Here’s how the Personal Introduction ends…
‘It was, for both men, an experience like no other. For Tillich, it was the one and only significant turning point in his life, while Teilhard, looking back, considered the mud of Douaumont – the largest of the forts around Verdun, lost and won back by the French at terrible cost – to be of greater importance for him than all the intellectual possibilities of Paris or the enticements of the orient, which were to influence his later life. Both men went to war full of conventional optimism and, although shaken by their experience, they re-built – each in his own idiosyncratic way – an optimistic philosophy. How was that possible?

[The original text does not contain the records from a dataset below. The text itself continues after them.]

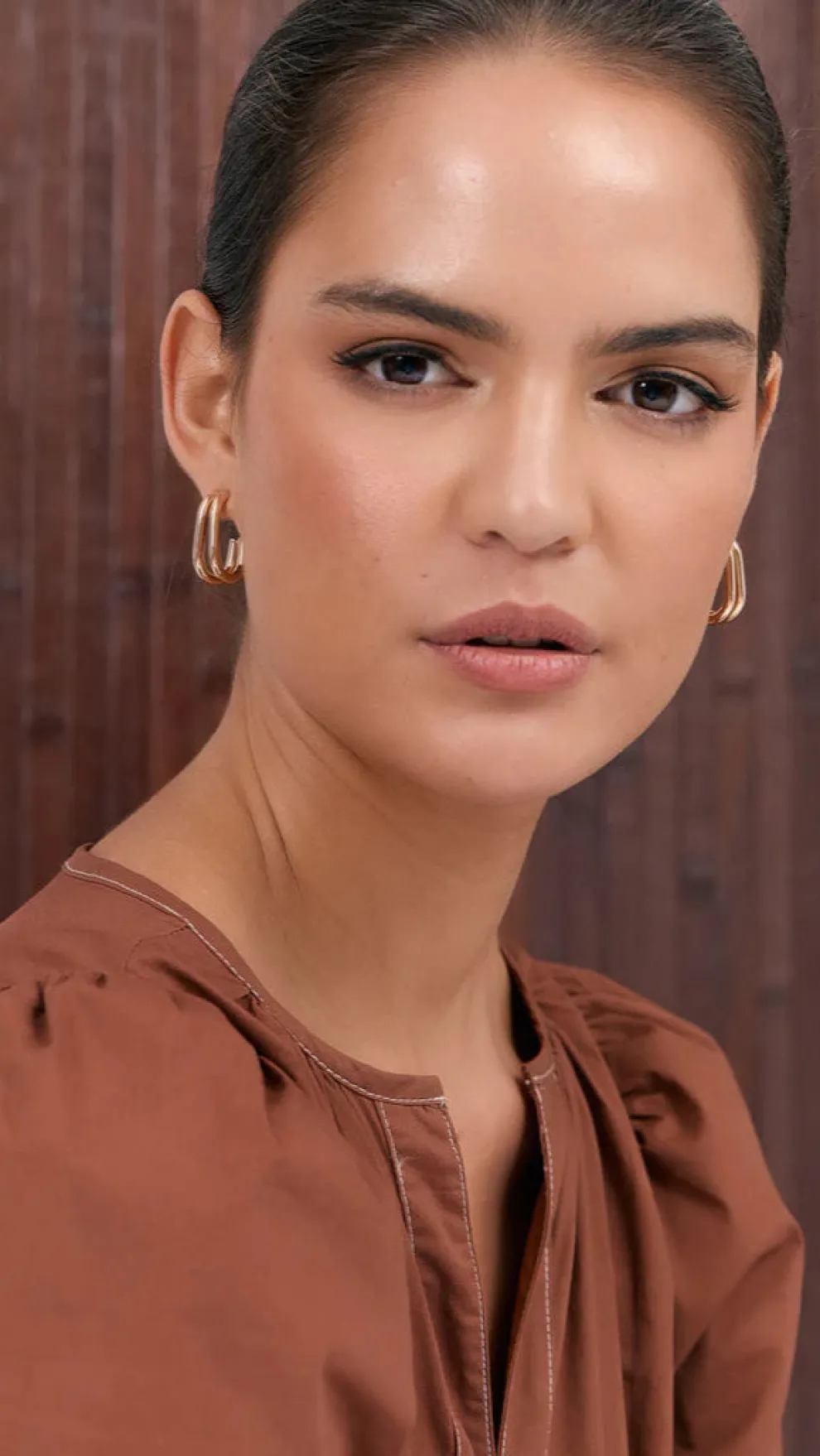 Double Curved Front Stud Earrings - Silver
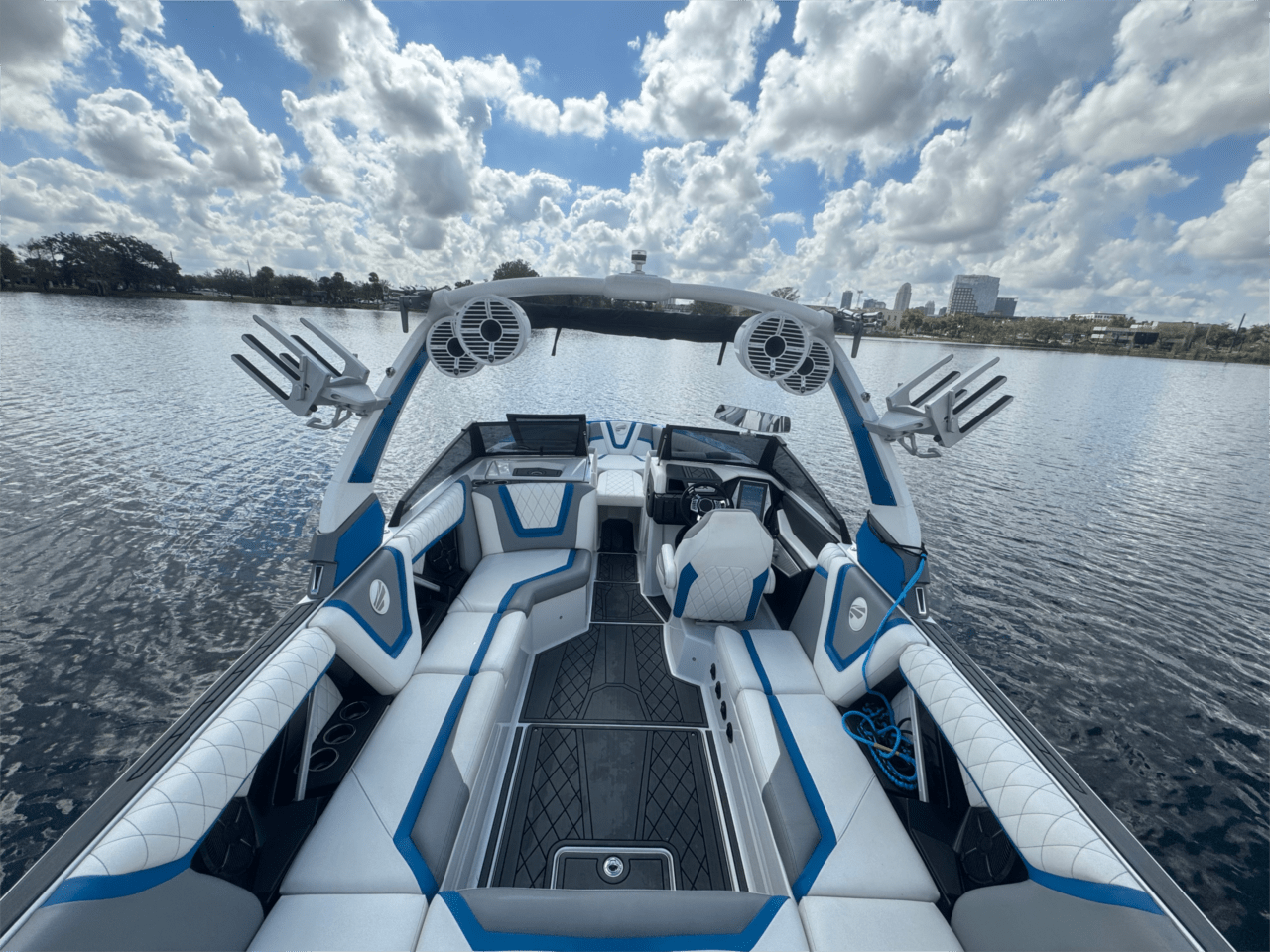 boat.Title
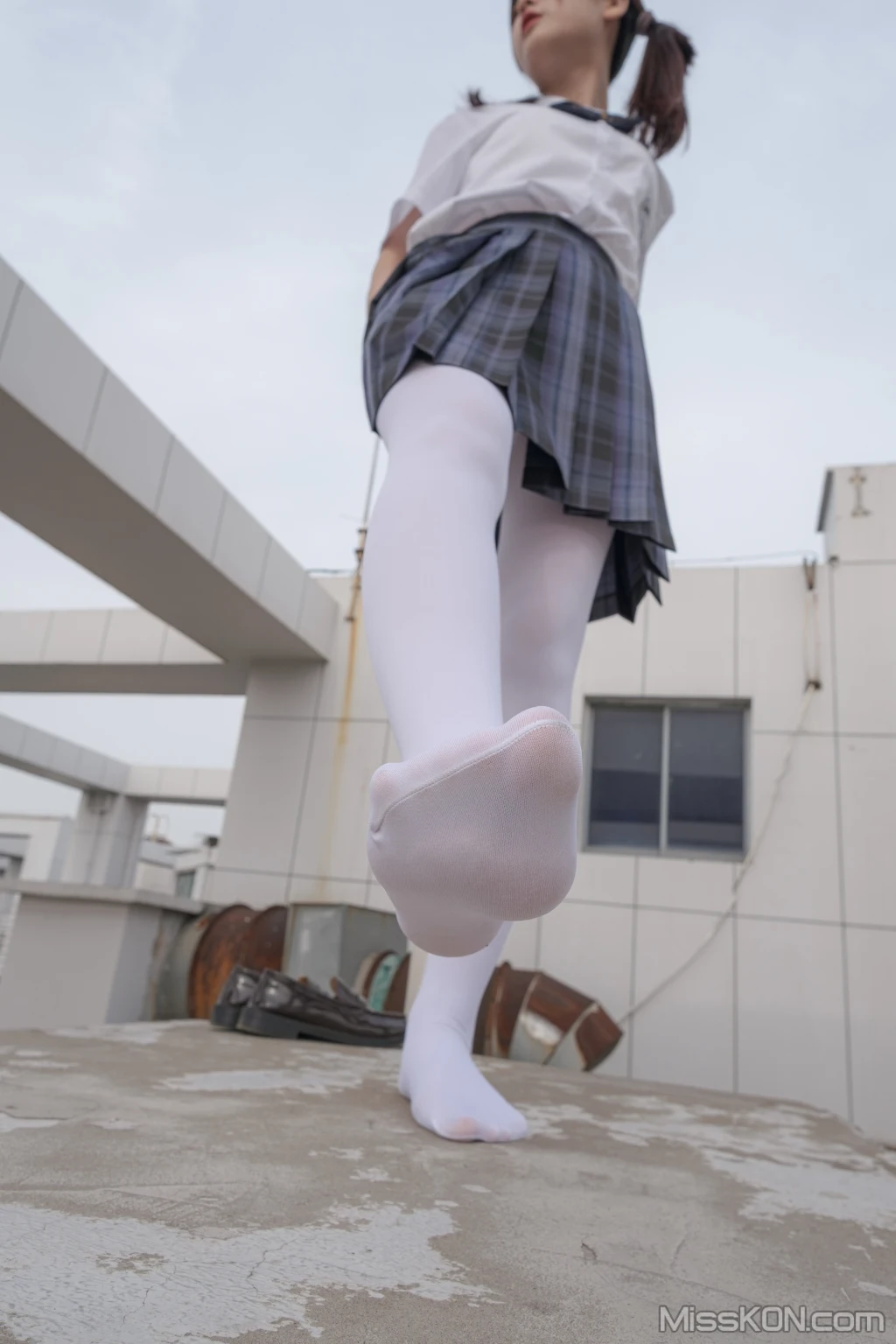 [森萝财团写真] 月下002 小夜 真空白丝 80D 户外 (102 photos + 1 video) – Page 4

Of course, Tillich and Teilhard were not the only ones to ponder matters philosophical under fire. The French philosopher Emile Chartier was working on the first draft of his book Mars, or the Truth about War, during the battles of 1916 and, on the Eastern front, Ludwig Wittgenstein, having opted for the most lonely and potentially suicidal of posts, guiding artillery from a dugout in no-man’s-land, started noting down ‘The world is all that is the case’ for his seminal work Tractatus. While back on the Western front, a frustrated young artist by the name of Adolf Hitler was reading Schopenhauer, brooding on the perceived injustices wrought upon his fatherland, and hoping one day to become a philosopher and a great leader. They too will have a part to play in this story.
Individually, Tillich and Teilhard fascinated me; together they beguiled me. This book attempts to pay them critical homage. So let us try to enter imaginatively into their thinking as they joined the millions of others who marched into the madness and horror of The Great War.